Interviews: Attitudes & Values

Why is one person chosen over another when both may have relatively equal qualifications and experience?

Very often, a hiring decision is influenced by how the interviewer/s feel about the person that they select. After all of the testing, panel interviewing, assessment and evaluation it can simply boil down to the decision-maker's gut feeling. What influences that gut-feeling invariably goes back to the attitudes and values that were expressed in the first and subsequent meetings - first impressions count.

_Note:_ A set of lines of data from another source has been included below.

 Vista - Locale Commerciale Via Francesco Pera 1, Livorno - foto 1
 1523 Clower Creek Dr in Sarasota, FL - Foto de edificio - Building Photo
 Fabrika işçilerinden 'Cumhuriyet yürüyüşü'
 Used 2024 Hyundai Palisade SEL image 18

Employers not only want to believe that you can do the job and have the knowledge and experience to handle the challenges that may arise, they want to believe that you will fit the team. They also want to see reflected in you those attitudes and values that they feel comfortable with. An employer wants to reduce the chance of friction between team members and will look for people who harmonize with the workgroup's ethics and team spirit. In addition, there may be a broader corporate personality or image by which a firm is perceived in the marketplace and the hiring manager may look for attitudes and values that mirror that image in the marketplace.

How do you determine whether or not your own attitudes and values are in harmony with those of the potential employer? Ask what attitudes and values the interviewer feels are necessary to do the job and fit the team. If they have different expectations than what you have to offer in terms of attitudes and values it is best to know this at the beginning. You won't help yourself in the long-term by pretending to be what they want.

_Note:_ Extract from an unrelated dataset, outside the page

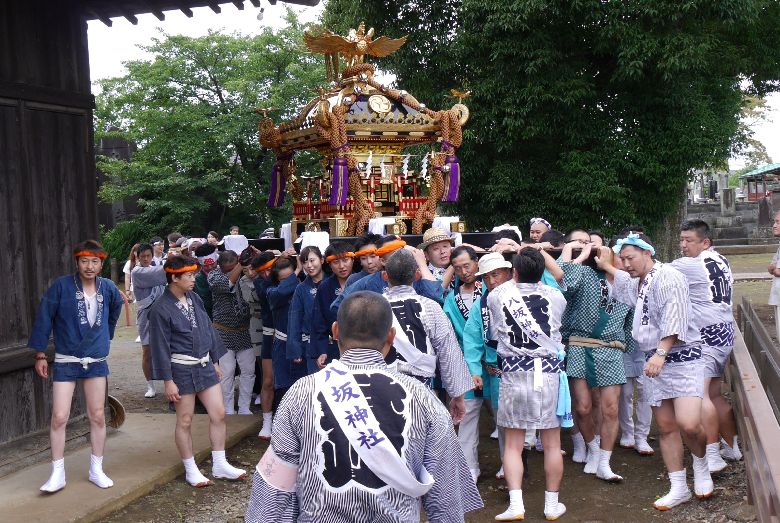 yasaka-keidai3.jpg(128858 byte)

You do not want to leave an interview with the employer having a neutral attitude towards you. Your task in the first interview is to sell yourself effectively. The general traits that most interviewers from the inexperienced to the veteran look for is a positive view towards one's work, co-workers, superiors and a sense of energy or enthusiasm to achieve and accomplish goals. A positive attitude is essential to making a good first impression. The interviewer should be interested in having you back for a second meeting.

It is helpful to remember that the first few minutes of a meeting between strangers is a time when impressions are formed and a sense of identification or being on common ground with the applicant is decided. It is crucial to success that you express your personality and character through the initial greeting using your words, eye contact and positive body language, using all three to convey who you are to the interviewer. Don't make the mistake of being too aggressive thinking that you have to take control of the discussion. Also, avoid being too relaxed as this may be perceived as nonchalance or lack of interest. You need to be yourself and confidently field the questions put to you. You are presenting yourself to a potential buyer and you need to know what you have to offer. It is a good idea to practice with another person until you have a rhythm established in how you explain your experience and qualifications. The tone that you convey is equally important as the information that you pass along to the interviewer.

You will make a positive impression if you tell the interviewer what is important to you in building successful working relationships with superiors and co-workers. It indicates that you know what you seek in joining forces with a company and what you are prepared to offer in return. Tell the interviewer how you worked with other people and how you intend to conduct business in the future.